Sciences et savoirs, commerce et états, politique et démocratie, 1750-1850

Coordinateurs Frédéric Graber et Fabien Locher, CR2, CNRS, Centre de Recherches Historiques, EHESS, Jean-Paul Gaudillière, DR INSERM, CERMES, Dominique Pestre, DE EHESS, Centre Koyré

 

Thématique
L’idée qui fonde ce projet est que les questions que nous nous posons aujourd’hui autour des (techno-)sciences dans le monde social, ont leur origine dans les années 1750-1850, et qu’un travail historique précis sur cette période peut nous aider, dans un mouvement de va et vient comparatif, à mieux comprendre ce passé et notre présent.
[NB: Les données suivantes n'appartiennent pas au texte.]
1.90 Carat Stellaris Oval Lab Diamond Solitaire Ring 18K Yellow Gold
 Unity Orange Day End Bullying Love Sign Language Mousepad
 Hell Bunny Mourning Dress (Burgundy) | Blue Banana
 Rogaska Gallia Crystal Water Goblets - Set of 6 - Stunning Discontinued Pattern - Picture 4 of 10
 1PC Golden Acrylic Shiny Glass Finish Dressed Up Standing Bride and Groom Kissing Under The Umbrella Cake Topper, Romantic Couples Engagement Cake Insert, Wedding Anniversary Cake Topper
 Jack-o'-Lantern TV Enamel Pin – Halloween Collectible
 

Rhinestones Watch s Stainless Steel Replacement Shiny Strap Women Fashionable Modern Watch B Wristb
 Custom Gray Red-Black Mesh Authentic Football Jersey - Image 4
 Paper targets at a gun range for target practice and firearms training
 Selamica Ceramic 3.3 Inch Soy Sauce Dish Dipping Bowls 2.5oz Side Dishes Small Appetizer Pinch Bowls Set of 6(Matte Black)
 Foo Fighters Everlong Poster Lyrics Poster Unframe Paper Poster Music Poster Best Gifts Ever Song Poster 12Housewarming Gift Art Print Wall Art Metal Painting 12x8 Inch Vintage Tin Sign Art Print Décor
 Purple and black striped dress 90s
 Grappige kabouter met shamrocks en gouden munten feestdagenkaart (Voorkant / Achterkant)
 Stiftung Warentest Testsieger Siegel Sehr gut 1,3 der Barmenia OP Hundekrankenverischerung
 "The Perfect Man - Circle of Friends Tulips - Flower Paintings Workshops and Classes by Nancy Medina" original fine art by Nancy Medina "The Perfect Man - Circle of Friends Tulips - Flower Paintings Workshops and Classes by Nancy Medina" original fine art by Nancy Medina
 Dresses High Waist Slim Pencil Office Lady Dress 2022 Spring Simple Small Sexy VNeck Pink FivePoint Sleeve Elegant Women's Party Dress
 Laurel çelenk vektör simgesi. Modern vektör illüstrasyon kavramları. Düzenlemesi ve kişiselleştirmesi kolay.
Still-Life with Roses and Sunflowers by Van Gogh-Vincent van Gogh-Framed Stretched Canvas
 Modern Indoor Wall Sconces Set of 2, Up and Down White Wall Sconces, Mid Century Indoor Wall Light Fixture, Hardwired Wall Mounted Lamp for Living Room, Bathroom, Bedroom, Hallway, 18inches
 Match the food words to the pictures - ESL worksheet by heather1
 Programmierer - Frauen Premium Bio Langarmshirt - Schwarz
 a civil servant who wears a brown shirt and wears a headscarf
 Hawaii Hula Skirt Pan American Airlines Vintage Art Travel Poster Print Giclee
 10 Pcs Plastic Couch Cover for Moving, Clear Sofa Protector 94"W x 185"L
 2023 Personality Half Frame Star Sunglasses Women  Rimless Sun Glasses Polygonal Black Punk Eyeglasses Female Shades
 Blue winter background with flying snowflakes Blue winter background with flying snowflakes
L’intérêt de ce programme est aussi que deux solutions de nature opposées voient alors le jour, solutions qui sont toujours d’actualité. A savoir des solutions reposant sur une société civile très active et différenciée (essentiellement avant la Révolution), des solutions reposant sur la mise en place d’un Etat technicien et régulateur par la suite. La modernité techno-scientifique de cette époque met déjà à disposition des produits neufs – ce qui induit des contestations nombreuses et conduit à des formes de régulation inédites (administrations expertes par des scientifiques, constitution d’expertises alternatives locales, plaintes auprès des tribunaux et décisions de justice conduisant à des ajustements de la part des producteurs). Elle est aussi inscrite dans une deuxième mondialisation (après celle du 16e siècle), dans un mouvement de globalisation marchande et politique original qui reconfigure les savoirs légitimes et en fait naître de nouveaux (savoirs administratifs, savoirs sur la nature, sur le « système Terre », sur les techniques cartographiques, la variété des cultures, la linguistique, etc.).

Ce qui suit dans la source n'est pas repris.